*What you should do:* Count every line of these entries that holds the word "para", and reply with the number only.

*Given data:*
____

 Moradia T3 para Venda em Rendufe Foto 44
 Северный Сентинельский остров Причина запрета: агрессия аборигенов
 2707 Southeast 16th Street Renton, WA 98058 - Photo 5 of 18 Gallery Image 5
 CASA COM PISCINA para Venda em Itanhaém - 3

____

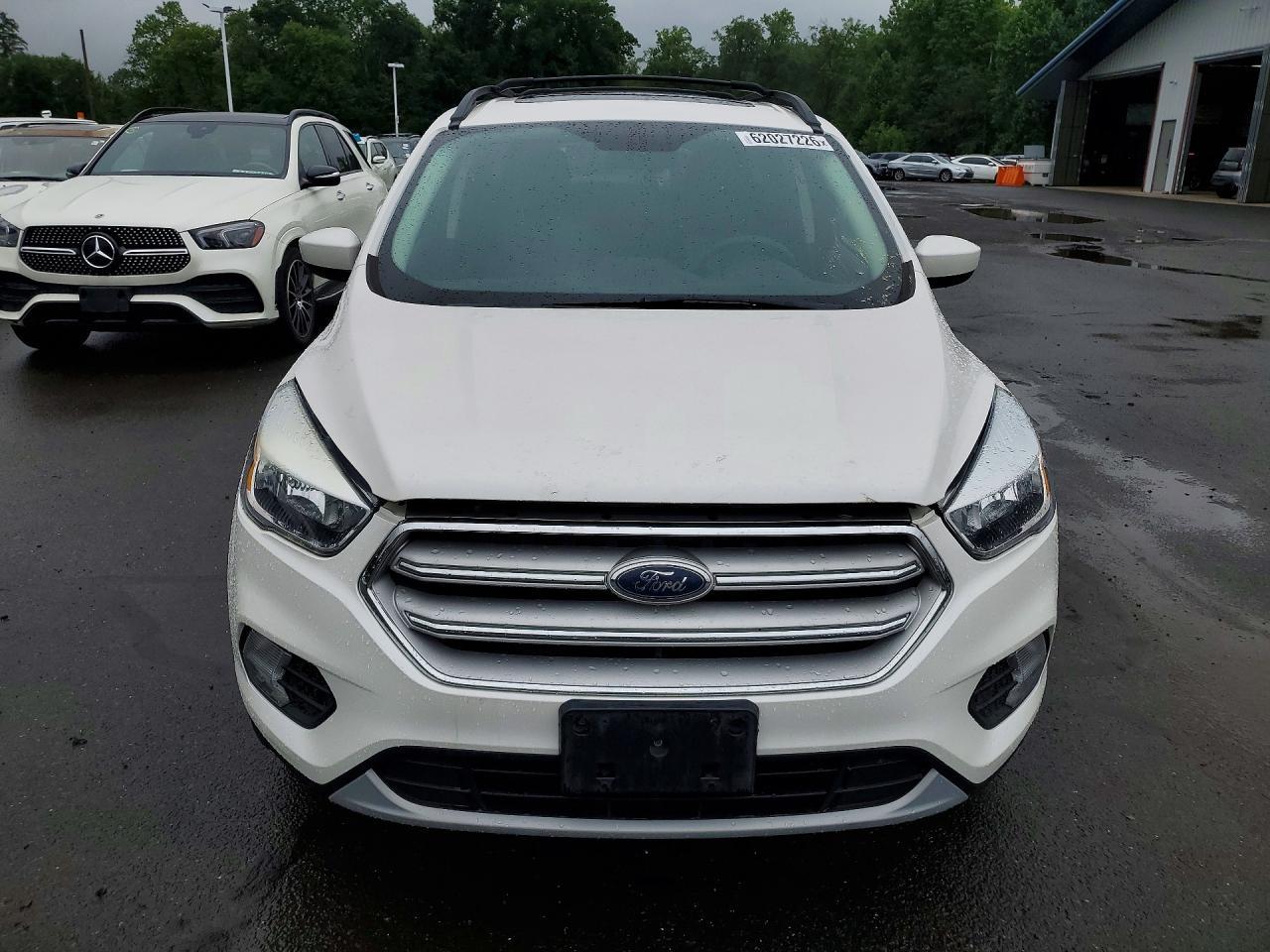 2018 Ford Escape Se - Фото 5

____

*Solution for this exercise:* 2